**TASK TO CARRY OUT**
Copy verbatim the material from its first line to the line that holds "Kingley Odera with", including that line.

====

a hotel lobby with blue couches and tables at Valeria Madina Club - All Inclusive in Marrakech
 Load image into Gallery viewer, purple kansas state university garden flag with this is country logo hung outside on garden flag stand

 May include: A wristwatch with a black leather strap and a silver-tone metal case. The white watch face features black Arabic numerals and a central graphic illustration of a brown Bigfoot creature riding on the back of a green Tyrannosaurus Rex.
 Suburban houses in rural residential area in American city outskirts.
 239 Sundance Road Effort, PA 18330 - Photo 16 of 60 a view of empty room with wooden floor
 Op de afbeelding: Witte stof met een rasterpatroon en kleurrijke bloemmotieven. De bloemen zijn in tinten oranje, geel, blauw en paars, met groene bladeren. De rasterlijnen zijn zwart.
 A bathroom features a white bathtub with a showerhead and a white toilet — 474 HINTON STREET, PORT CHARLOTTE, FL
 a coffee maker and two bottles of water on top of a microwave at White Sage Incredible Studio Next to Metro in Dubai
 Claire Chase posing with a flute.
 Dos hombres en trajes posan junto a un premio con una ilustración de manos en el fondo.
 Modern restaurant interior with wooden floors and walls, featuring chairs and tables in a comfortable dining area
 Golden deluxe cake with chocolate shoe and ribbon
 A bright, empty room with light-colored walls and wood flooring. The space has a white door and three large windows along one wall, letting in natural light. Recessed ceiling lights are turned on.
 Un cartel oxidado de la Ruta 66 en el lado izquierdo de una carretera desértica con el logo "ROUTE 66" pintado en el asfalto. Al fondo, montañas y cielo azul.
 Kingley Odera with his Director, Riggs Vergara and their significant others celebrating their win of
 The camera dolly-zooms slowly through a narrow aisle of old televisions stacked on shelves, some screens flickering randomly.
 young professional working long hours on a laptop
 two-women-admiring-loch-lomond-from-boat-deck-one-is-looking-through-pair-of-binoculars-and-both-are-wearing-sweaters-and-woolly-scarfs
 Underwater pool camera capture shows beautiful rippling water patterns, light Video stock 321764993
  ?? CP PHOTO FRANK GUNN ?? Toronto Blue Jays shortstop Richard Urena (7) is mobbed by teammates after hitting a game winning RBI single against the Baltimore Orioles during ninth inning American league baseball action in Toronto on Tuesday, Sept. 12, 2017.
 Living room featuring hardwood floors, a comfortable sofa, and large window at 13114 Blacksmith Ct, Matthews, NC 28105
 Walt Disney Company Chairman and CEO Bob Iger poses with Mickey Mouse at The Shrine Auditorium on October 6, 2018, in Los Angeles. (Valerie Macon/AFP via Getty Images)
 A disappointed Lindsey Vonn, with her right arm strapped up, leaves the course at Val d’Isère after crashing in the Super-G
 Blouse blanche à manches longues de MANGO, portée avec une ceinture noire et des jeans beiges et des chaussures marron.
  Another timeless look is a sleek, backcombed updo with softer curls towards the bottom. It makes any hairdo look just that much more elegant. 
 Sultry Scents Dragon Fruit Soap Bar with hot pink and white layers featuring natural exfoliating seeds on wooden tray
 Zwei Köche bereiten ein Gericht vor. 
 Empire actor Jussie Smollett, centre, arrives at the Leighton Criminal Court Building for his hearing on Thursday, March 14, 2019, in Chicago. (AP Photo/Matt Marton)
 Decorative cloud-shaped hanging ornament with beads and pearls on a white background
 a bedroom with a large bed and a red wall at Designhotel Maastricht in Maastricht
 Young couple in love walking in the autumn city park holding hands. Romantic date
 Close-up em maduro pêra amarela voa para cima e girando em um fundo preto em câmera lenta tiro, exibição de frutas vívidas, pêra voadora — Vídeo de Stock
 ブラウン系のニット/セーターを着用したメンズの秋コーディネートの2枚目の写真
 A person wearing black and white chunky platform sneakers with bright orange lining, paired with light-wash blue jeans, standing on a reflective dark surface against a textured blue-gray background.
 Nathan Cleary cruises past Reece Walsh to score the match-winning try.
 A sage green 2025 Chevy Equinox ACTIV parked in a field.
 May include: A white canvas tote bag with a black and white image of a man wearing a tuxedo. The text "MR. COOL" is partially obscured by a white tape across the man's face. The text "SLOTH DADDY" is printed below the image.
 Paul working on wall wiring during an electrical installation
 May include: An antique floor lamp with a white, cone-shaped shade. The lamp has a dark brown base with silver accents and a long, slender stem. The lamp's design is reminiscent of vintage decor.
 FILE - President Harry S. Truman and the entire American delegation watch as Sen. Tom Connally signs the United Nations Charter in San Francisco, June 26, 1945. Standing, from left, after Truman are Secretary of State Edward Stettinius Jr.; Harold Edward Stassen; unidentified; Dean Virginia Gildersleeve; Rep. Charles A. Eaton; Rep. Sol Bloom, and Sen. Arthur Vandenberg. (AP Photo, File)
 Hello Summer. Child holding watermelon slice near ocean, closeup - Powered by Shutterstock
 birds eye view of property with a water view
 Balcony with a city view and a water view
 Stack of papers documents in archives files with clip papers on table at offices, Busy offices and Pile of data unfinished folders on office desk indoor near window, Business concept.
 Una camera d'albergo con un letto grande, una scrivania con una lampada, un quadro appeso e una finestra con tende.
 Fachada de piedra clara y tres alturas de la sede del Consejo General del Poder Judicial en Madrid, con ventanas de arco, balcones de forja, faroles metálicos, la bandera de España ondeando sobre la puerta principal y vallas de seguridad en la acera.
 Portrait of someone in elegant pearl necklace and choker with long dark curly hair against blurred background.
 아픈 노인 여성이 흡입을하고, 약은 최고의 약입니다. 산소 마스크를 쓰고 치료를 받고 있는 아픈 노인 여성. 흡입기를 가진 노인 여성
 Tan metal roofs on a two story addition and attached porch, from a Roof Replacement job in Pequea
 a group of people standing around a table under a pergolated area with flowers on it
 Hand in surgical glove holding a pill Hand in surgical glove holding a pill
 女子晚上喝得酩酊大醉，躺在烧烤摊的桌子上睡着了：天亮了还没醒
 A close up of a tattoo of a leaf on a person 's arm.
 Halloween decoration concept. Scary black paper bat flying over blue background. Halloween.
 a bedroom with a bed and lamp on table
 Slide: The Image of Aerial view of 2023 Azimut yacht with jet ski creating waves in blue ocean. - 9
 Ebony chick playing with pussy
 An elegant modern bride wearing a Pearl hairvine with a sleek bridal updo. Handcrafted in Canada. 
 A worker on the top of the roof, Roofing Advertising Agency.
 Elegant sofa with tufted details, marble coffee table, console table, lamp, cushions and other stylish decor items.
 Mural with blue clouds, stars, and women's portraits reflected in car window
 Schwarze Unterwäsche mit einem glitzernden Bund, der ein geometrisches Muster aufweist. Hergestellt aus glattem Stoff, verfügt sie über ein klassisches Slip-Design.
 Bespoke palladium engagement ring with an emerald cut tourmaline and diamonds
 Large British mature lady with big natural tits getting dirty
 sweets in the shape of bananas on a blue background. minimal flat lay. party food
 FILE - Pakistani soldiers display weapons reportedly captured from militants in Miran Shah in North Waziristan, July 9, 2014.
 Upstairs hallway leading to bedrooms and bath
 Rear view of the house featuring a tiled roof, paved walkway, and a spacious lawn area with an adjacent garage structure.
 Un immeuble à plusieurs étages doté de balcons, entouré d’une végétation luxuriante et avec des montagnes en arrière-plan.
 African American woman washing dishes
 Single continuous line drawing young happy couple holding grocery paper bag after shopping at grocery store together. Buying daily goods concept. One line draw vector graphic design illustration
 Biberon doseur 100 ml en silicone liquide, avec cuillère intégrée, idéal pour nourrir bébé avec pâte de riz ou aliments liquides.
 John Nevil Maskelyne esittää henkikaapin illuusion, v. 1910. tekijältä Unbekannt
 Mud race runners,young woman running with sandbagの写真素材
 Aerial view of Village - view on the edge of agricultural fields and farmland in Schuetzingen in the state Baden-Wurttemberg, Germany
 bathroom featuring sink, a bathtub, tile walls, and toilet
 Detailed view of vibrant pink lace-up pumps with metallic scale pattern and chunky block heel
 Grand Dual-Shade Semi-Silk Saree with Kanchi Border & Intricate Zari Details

====

**RESPONSE**
a hotel lobby with blue couches and tables at Valeria Madina Club - All Inclusive in Marrakech
 Load image into Gallery viewer, purple kansas state university garden flag with this is country logo hung outside on garden flag stand

 May include: A wristwatch with a black leather strap and a silver-tone metal case. The white watch face features black Arabic numerals and a central graphic illustration of a brown Bigfoot creature riding on the back of a green Tyrannosaurus Rex.
 Suburban houses in rural residential area in American city outskirts.
 239 Sundance Road Effort, PA 18330 - Photo 16 of 60 a view of empty room with wooden floor
 Op de afbeelding: Witte stof met een rasterpatroon en kleurrijke bloemmotieven. De bloemen zijn in tinten oranje, geel, blauw en paars, met groene bladeren. De rasterlijnen zijn zwart.
 A bathroom features a white bathtub with a showerhead and a white toilet — 474 HINTON STREET, PORT CHARLOTTE, FL
 a coffee maker and two bottles of water on top of a microwave at White Sage Incredible Studio Next to Metro in Dubai
 Claire Chase posing with a flute.
 Dos hombres en trajes posan junto a un premio con una ilustración de manos en el fondo.
 Modern restaurant interior with wooden floors and walls, featuring chairs and tables in a comfortable dining area
 Golden deluxe cake with chocolate shoe and ribbon
 A bright, empty room with light-colored walls and wood flooring. The space has a white door and three large windows along one wall, letting in natural light. Recessed ceiling lights are turned on.
 Un cartel oxidado de la Ruta 66 en el lado izquierdo de una carretera desértica con el logo "ROUTE 66" pintado en el asfalto. Al fondo, montañas y cielo azul.
 Kingley Odera with his Director, Riggs Vergara and their significant others celebrating their win of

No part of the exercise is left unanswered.